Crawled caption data
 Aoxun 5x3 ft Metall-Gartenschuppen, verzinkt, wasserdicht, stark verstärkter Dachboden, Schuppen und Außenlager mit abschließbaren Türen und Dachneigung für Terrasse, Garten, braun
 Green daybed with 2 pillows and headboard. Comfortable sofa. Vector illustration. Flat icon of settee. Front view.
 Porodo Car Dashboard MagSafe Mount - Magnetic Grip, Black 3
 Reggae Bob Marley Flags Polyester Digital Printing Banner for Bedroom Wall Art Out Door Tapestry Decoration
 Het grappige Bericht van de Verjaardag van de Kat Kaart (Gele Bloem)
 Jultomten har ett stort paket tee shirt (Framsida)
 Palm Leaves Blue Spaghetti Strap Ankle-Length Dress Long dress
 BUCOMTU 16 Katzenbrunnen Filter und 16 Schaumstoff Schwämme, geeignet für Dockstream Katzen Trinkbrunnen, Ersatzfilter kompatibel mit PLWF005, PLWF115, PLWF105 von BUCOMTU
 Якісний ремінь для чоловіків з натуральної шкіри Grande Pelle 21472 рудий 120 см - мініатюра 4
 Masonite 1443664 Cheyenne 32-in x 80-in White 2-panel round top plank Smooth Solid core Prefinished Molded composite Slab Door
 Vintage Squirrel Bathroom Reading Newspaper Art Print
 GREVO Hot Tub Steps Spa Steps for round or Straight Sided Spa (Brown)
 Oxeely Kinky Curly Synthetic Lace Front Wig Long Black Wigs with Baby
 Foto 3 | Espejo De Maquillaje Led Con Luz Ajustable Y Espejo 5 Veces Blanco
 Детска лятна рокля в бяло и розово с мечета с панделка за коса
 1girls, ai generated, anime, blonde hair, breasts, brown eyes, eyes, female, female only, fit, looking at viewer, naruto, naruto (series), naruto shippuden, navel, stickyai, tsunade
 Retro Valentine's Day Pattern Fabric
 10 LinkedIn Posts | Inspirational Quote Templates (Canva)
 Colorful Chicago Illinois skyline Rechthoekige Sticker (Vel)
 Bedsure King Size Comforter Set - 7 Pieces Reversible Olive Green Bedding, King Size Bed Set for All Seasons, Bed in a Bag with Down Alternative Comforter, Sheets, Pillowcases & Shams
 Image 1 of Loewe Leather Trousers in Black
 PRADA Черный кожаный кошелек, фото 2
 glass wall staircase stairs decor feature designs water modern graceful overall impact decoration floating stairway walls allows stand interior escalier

* **Directions**
Without omitting any record, transcribe the data exactly.

* **Output of the task**
 Aoxun 5x3 ft Metall-Gartenschuppen, verzinkt, wasserdicht, stark verstärkter Dachboden, Schuppen und Außenlager mit abschließbaren Türen und Dachneigung für Terrasse, Garten, braun
 Green daybed with 2 pillows and headboard. Comfortable sofa. Vector illustration. Flat icon of settee. Front view.
 Porodo Car Dashboard MagSafe Mount - Magnetic Grip, Black 3
 Reggae Bob Marley Flags Polyester Digital Printing Banner for Bedroom Wall Art Out Door Tapestry Decoration
 Het grappige Bericht van de Verjaardag van de Kat Kaart (Gele Bloem)
 Jultomten har ett stort paket tee shirt (Framsida)
 Palm Leaves Blue Spaghetti Strap Ankle-Length Dress Long dress
 BUCOMTU 16 Katzenbrunnen Filter und 16 Schaumstoff Schwämme, geeignet für Dockstream Katzen Trinkbrunnen, Ersatzfilter kompatibel mit PLWF005, PLWF115, PLWF105 von BUCOMTU
 Якісний ремінь для чоловіків з натуральної шкіри Grande Pelle 21472 рудий 120 см - мініатюра 4
 Masonite 1443664 Cheyenne 32-in x 80-in White 2-panel round top plank Smooth Solid core Prefinished Molded composite Slab Door
 Vintage Squirrel Bathroom Reading Newspaper Art Print
 GREVO Hot Tub Steps Spa Steps for round or Straight Sided Spa (Brown)
 Oxeely Kinky Curly Synthetic Lace Front Wig Long Black Wigs with Baby
 Foto 3 | Espejo De Maquillaje Led Con Luz Ajustable Y Espejo 5 Veces Blanco
 Детска лятна рокля в бяло и розово с мечета с панделка за коса
 1girls, ai generated, anime, blonde hair, breasts, brown eyes, eyes, female, female only, fit, looking at viewer, naruto, naruto (series), naruto shippuden, navel, stickyai, tsunade
 Retro Valentine's Day Pattern Fabric
 10 LinkedIn Posts | Inspirational Quote Templates (Canva)
 Colorful Chicago Illinois skyline Rechthoekige Sticker (Vel)
 Bedsure King Size Comforter Set - 7 Pieces Reversible Olive Green Bedding, King Size Bed Set for All Seasons, Bed in a Bag with Down Alternative Comforter, Sheets, Pillowcases & Shams
 Image 1 of Loewe Leather Trousers in Black
 PRADA Черный кожаный кошелек, фото 2
 glass wall staircase stairs decor feature designs water modern graceful overall impact decoration floating stairway walls allows stand interior escalier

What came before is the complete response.